■ WHAT YOU SHOULD DO ■
For this exercise, copy the data exactly and omit any images.

■ THE RECORDS ■
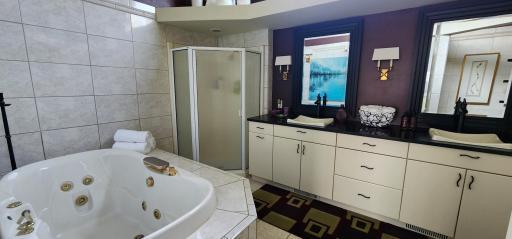Primary bathroom with jetted tub and walk-in shower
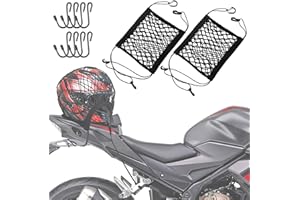 2PCS Upgrade Cargo Net for Motorcycle Helmet Storage, 10"X11" High-Elastic Double Layer Bungee Net with 8 Extra Strong Metal 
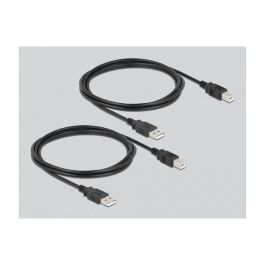 DeLOCK Switch USB 2.0 para 4 PC a 1 dispositivo, 4 Puertos, 0,48 Gbit/s, Negro, Con Cable USB A-B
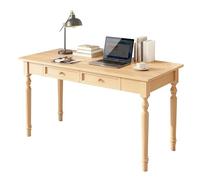 Escritorio rústico de madera maciza con cajones, mesa de ordenador de madera de caucho con acabado de roble natural de 120 cm, estación de trabajo grande para el hogar, oficina y estudio, muebles
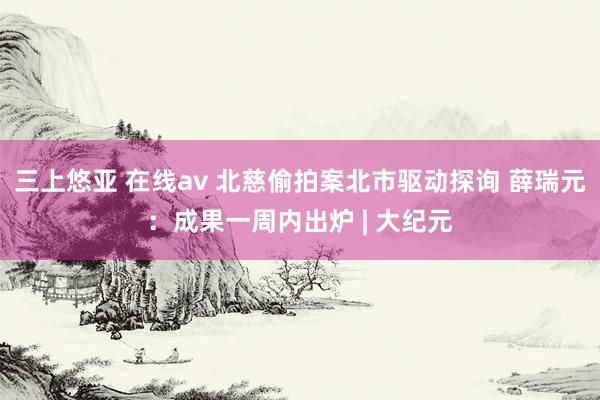 三上悠亚 在线av 北慈偷拍案北市驱动探询 薛瑞元：成果一周内出炉 | 大纪元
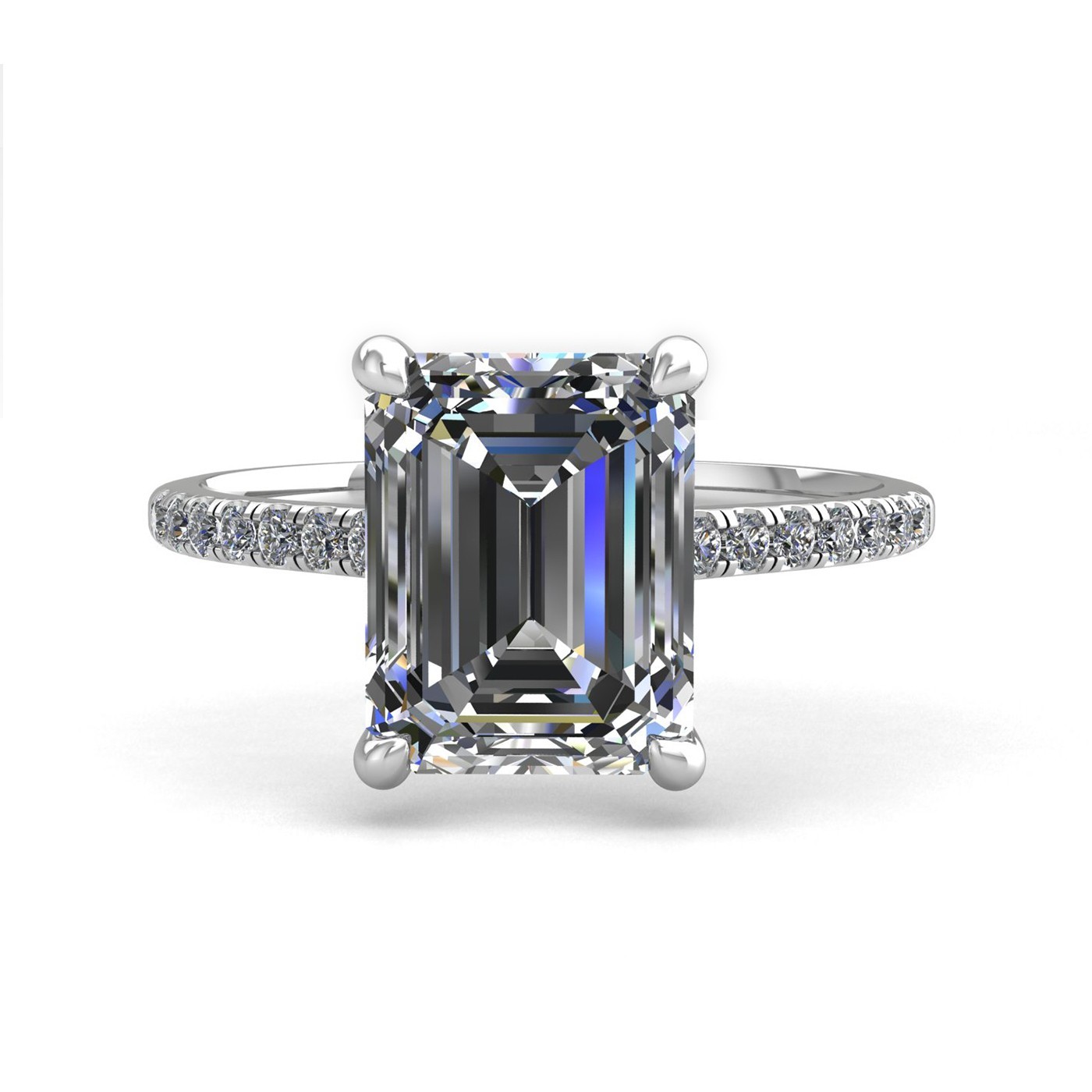18k white gold 2.0ct 4 prongs emerald cut diamond engagement ring with whisper thin pavÉ set band Photos & images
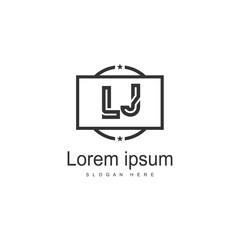 Initial LJ logo template with modern frame. Minimalist LJ letter logo vector illustration
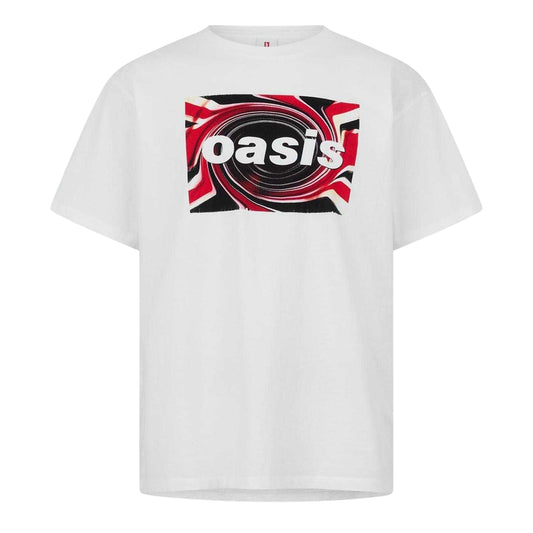 White - Front - Oasis Mens Logo Cotton T-Shirt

■ WRITTEN RESPONSE ■
Primary bathroom with jetted tub and walk-in shower
 2PCS Upgrade Cargo Net for Motorcycle Helmet Storage, 10"X11" High-Elastic Double Layer Bungee Net with 8 Extra Strong Metal 
 DeLOCK Switch USB 2.0 para 4 PC a 1 dispositivo, 4 Puertos, 0,48 Gbit/s, Negro, Con Cable USB A-B
 Escritorio rústico de madera maciza con cajones, mesa de ordenador de madera de caucho con acabado de roble natural de 120 cm, estación de trabajo grande para el hogar, oficina y estudio, muebles
 三上悠亚 在线av 北慈偷拍案北市驱动探询 薛瑞元：成果一周内出炉 | 大纪元
18k white gold 2.0ct 4 prongs emerald cut diamond engagement ring with whisper thin pavÉ set band Photos & images
 Initial LJ logo template with modern frame. Minimalist LJ letter logo vector illustration
 White - Front - Oasis Mens Logo Cotton T-Shirt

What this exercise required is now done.